Social media platforms have also proven useful in holding pop-up protests, allowing individuals to stay one step ahead of the authorities. Apps like Telegram have also been used to coordinate plans and locations. Taking it up a notch, fans of Korean boyband BTS, have also taken to Facebook to raise funds in support of the protest. According to reports, they’ve managed to rake up a growing 3 million THB!

Thailand: the harnessing of pop-culture references

Milktea2020/Wikimedia Commons

Tune into any news channel covering the 2020 Thailand protests and you’ll see each individual holding up three fingers in the air. You might recall this three-finger-salute from the popular movie series, The Hunger Games, where the protagonist used the salute to lead a revolution against the monarchy. 

In August 2020, protestors even brought in Harry Potter, likening the king to the villain of Voldemort. Interestingly, even the cartoon character, Hamtaro the hamster, has come into play, where activists ran around in circles in public places to simulate one running on a hamster wheel. 

France: the power of a silent protest

David Shukman/Twitter

Violence is never the answer; and in this case, silence spoke volumes. Indeed, actions spoke louder than words in 2015 in Paris, where thousands of protestors left their pairs of empty shoes in a public square as part of a silent protest. Protests were banned in Paris; individuals hence used their empty shoes to signify what could have been in championing for climate change. This cause even saw the U.N. Secretary-General Ban Ki-moon, as well as Pope Francis, donating their shoes as well!

New York City: the transformation of streets into gardens

In 1999, the mayor of New York City declared his intention to auction off 198 community gardens to real estate developers. This was naturally met with much displeasure by the citizens, who retaliated by turning the streets into actual gardens. Roads were filled with dirt and plants, with garden parties being held long into the night! This outpouring of community support succeeded in changing the mayor’s mind, with many neighbourhood gardens still around in New York City today.
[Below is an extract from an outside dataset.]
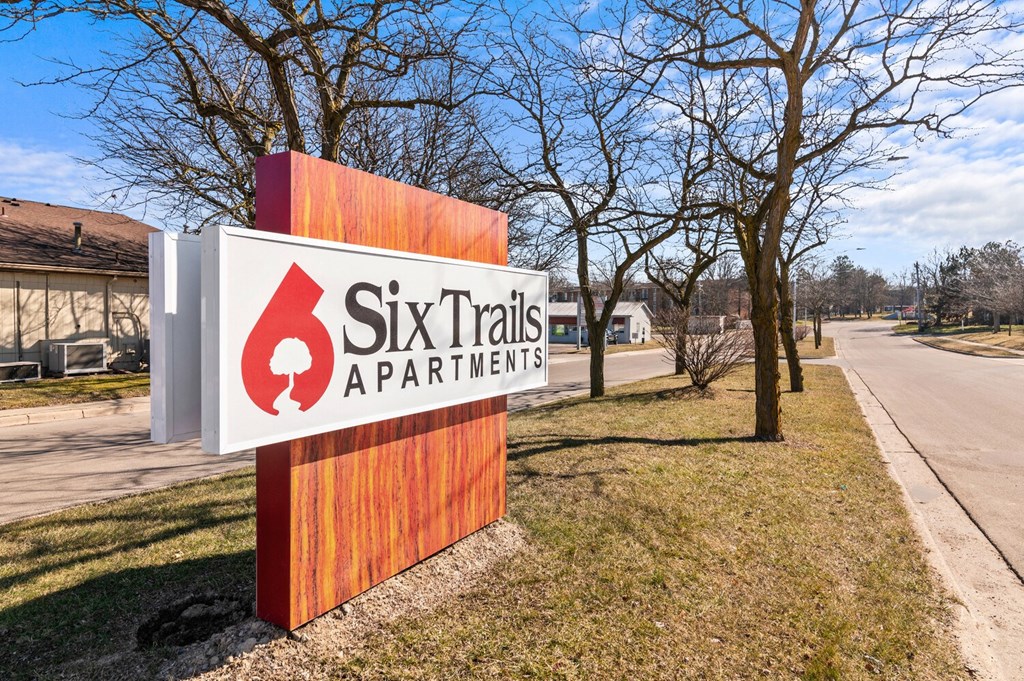 a sign for ski trails apartments on the side of a road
Lebanon: the dressing up as bloody brides

In the 1940s, a law was established in Lebanon to allow rapists to get away scot-free, as long as they wed the victim of their crime. In 2016, to protest this cruel law, women took to the streets dressed as bloody brides and wrapped in bandages to make a statement. They succeeded in doing so, where the law was repealed by the Lebanese government in December 2016.

Hong Kong: of online forums and mooncakes


In more recent news, last year’s Hong Kong’s protests also saw multiple ‘Be Water’ methods, where online forums were used to ask supporters to vote on when and where rallies should be held. In a savoury twist of events, mooncakes were even used to spread the message, where these pastries would display popular protest slogans on them. Multiple flashmob song sessions were also held, where particular songs were belted out in unison.

Creative? Indeed. Effective? Without a doubt. Who knows how else protests will be carried out in the future?